▶ [PROBLEM STATEMENT] Any images in the records should be skipped; transcribe the rest exactly.
▬▬▬▬▬▬
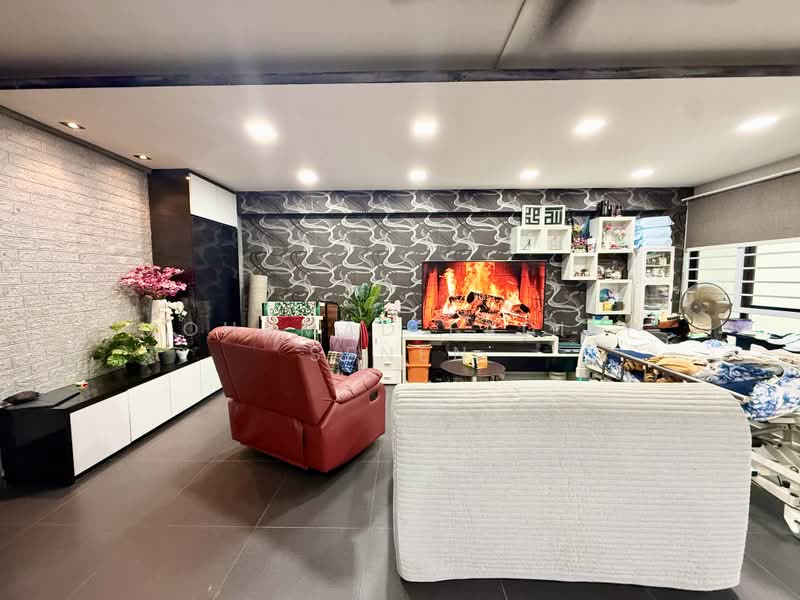 618 Jurong West Street 65, 618 Jurong West Street 65, 3 Bedrooms, 1,184 sqft, HDB Flat For Sale, by Mohamad Fadily Senen, 500209538 - Living Room - PropertyGuru.com.sg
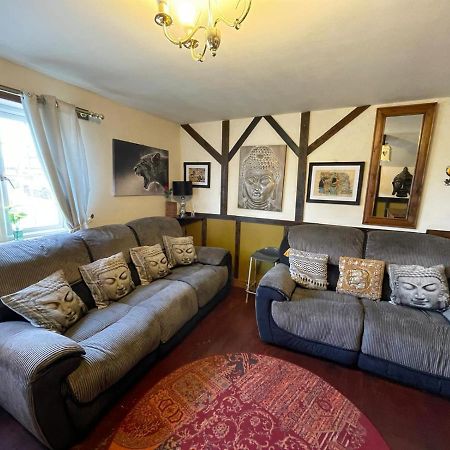 Kirklevington Yarm Cottages Sleeping 12 מראה חיצוני תמונה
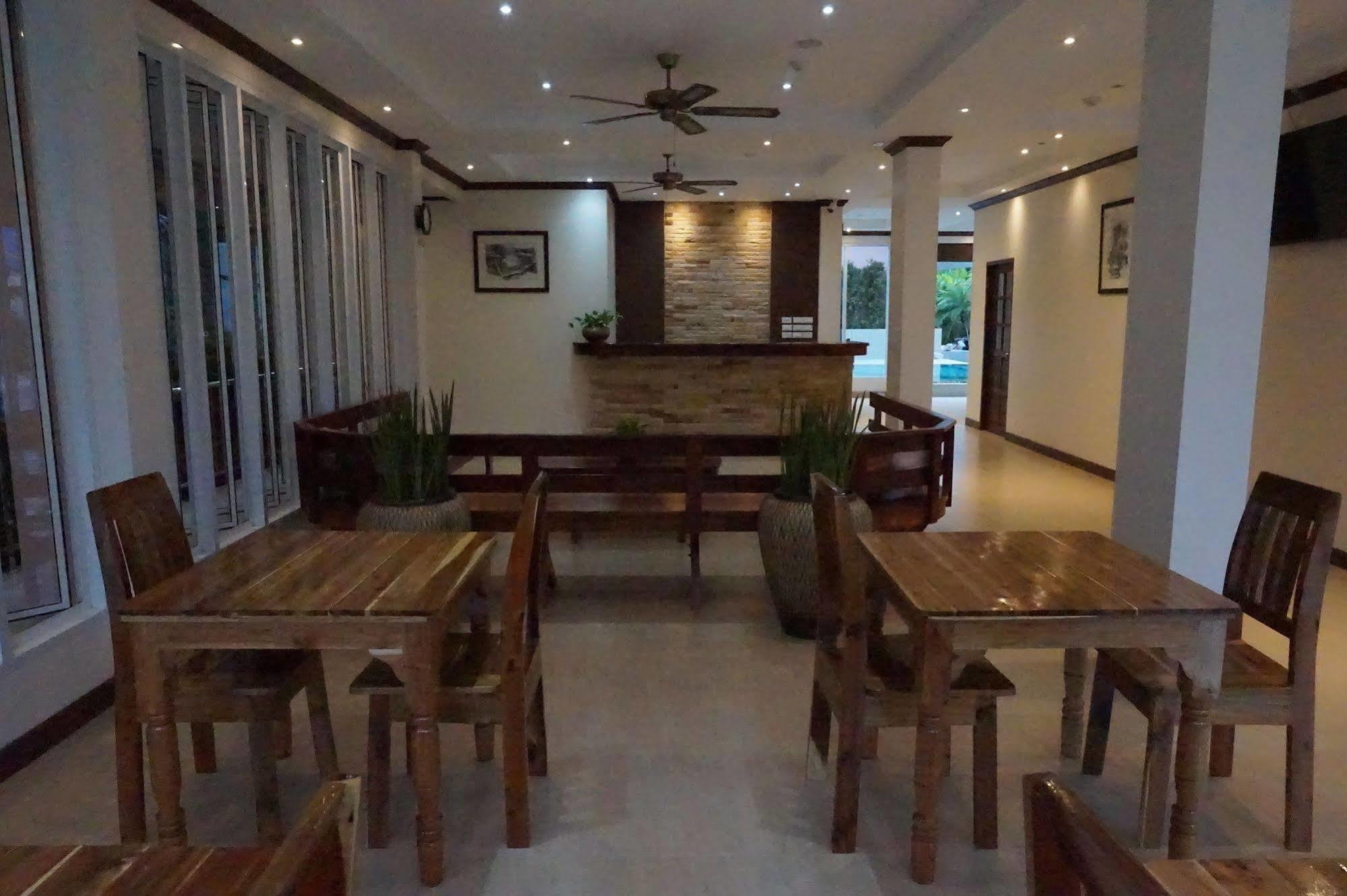 Snowhouse Aonang Krabi Hotel Ao Nang Kültér fotó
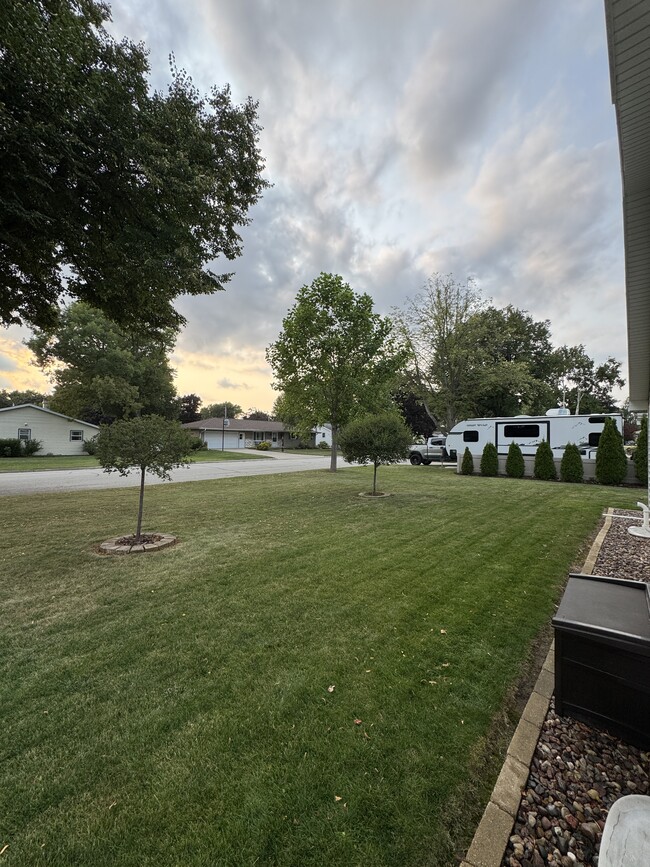 Building Photo - 2955 Jauquet Dr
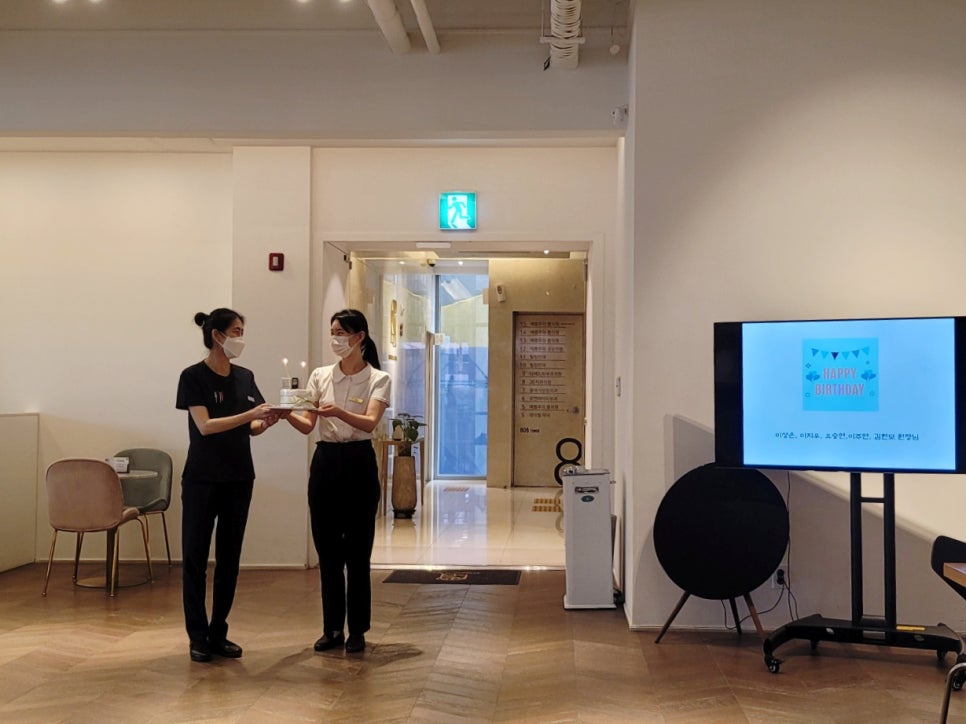 투디치과 8월 전체회의 현장속으로! 관련 이미지 7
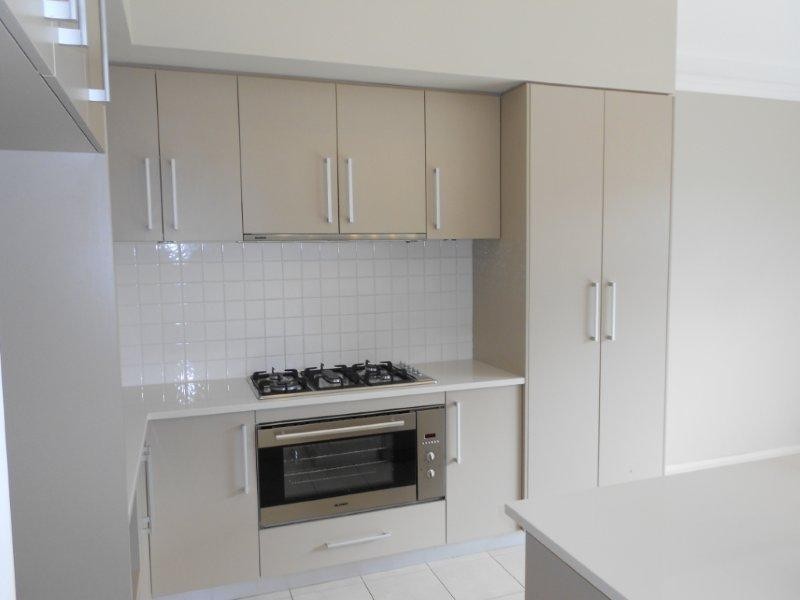 4 Navarre Way, Butler WA 6036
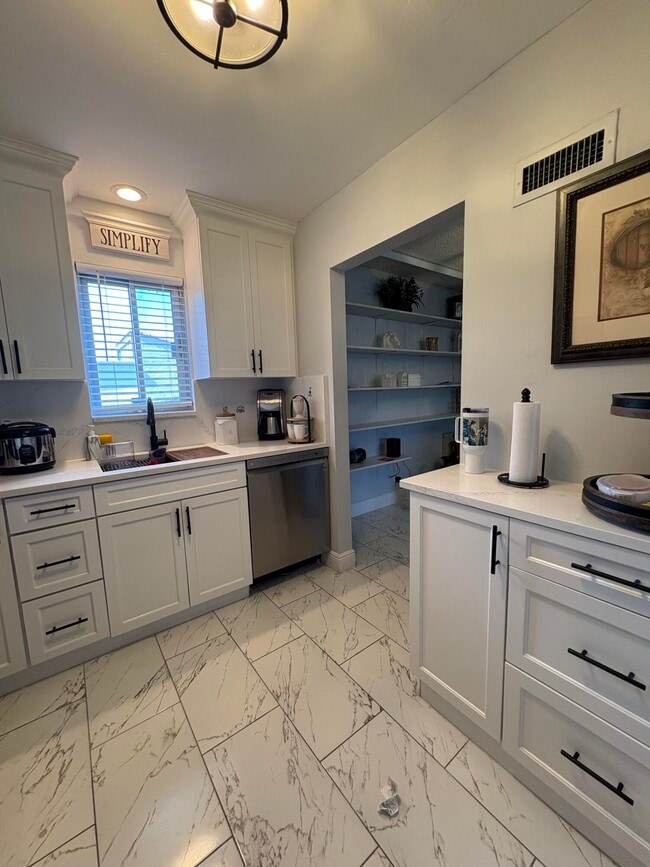 Photo - 2534 Boundbrook Dr S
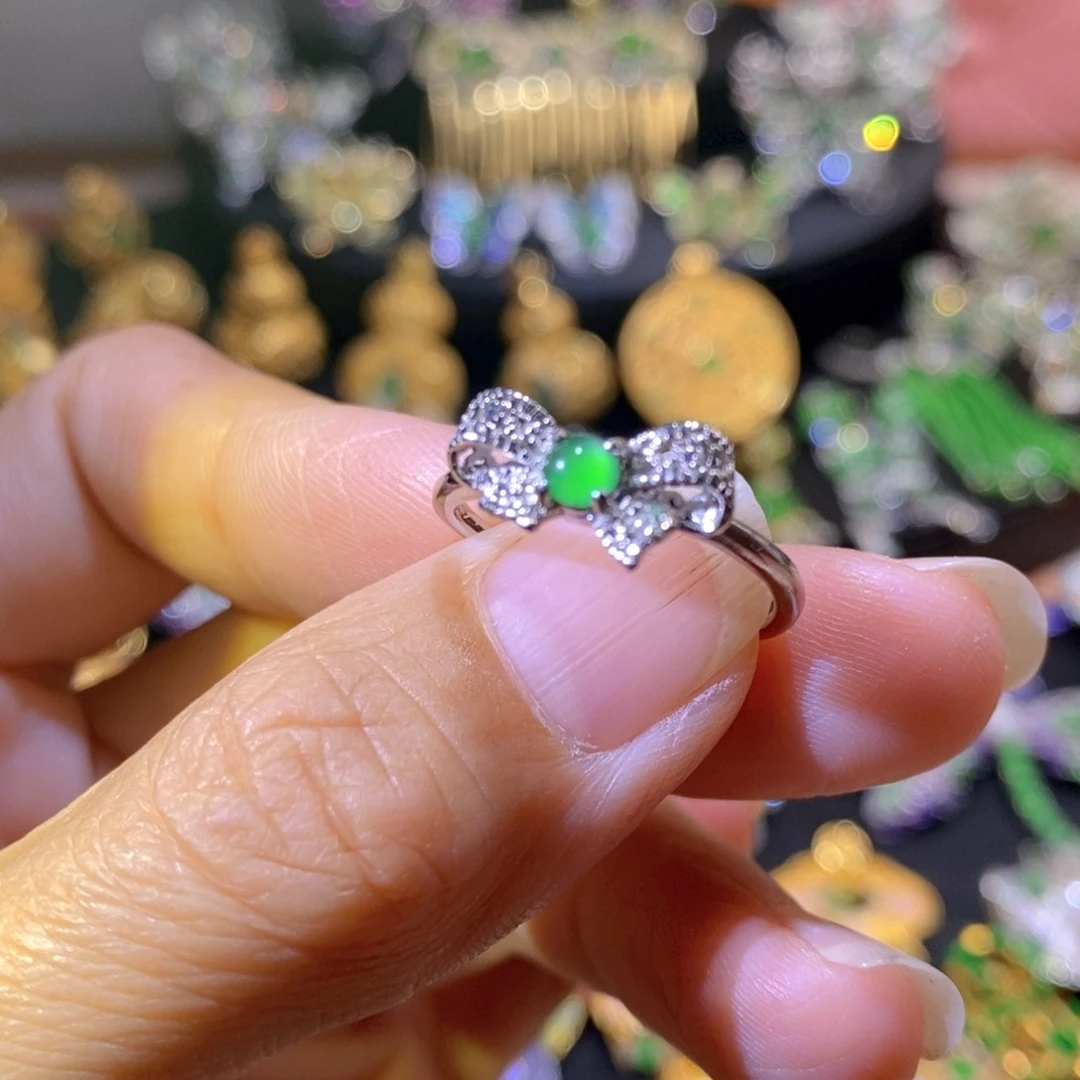 银S925镶嵌挂件翡翠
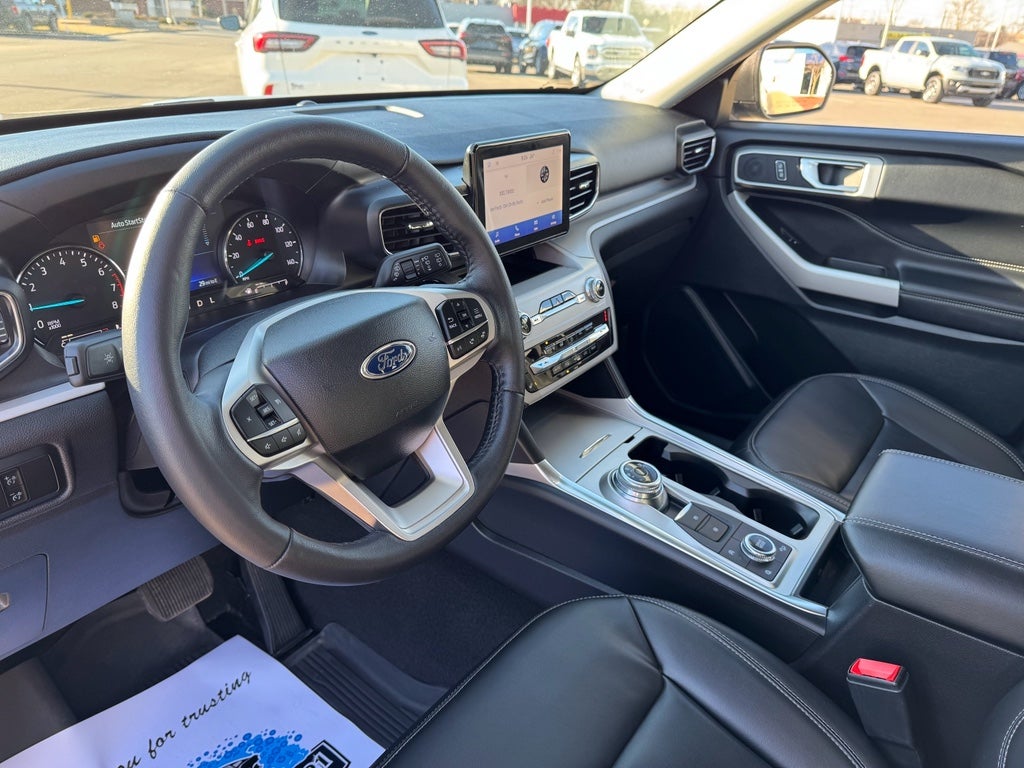 2024 Ford Explorer XLT 4WD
▬▬▬▬▬▬
▶ [EXERCISE OUTPUT]
 618 Jurong West Street 65, 618 Jurong West Street 65, 3 Bedrooms, 1,184 sqft, HDB Flat For Sale, by Mohamad Fadily Senen, 500209538 - Living Room - PropertyGuru.com.sg
 Kirklevington Yarm Cottages Sleeping 12 מראה חיצוני תמונה
 Snowhouse Aonang Krabi Hotel Ao Nang Kültér fotó
 Building Photo - 2955 Jauquet Dr
 투디치과 8월 전체회의 현장속으로! 관련 이미지 7
 4 Navarre Way, Butler WA 6036
 Photo - 2534 Boundbrook Dr S
 银S925镶嵌挂件翡翠
 2024 Ford Explorer XLT 4WD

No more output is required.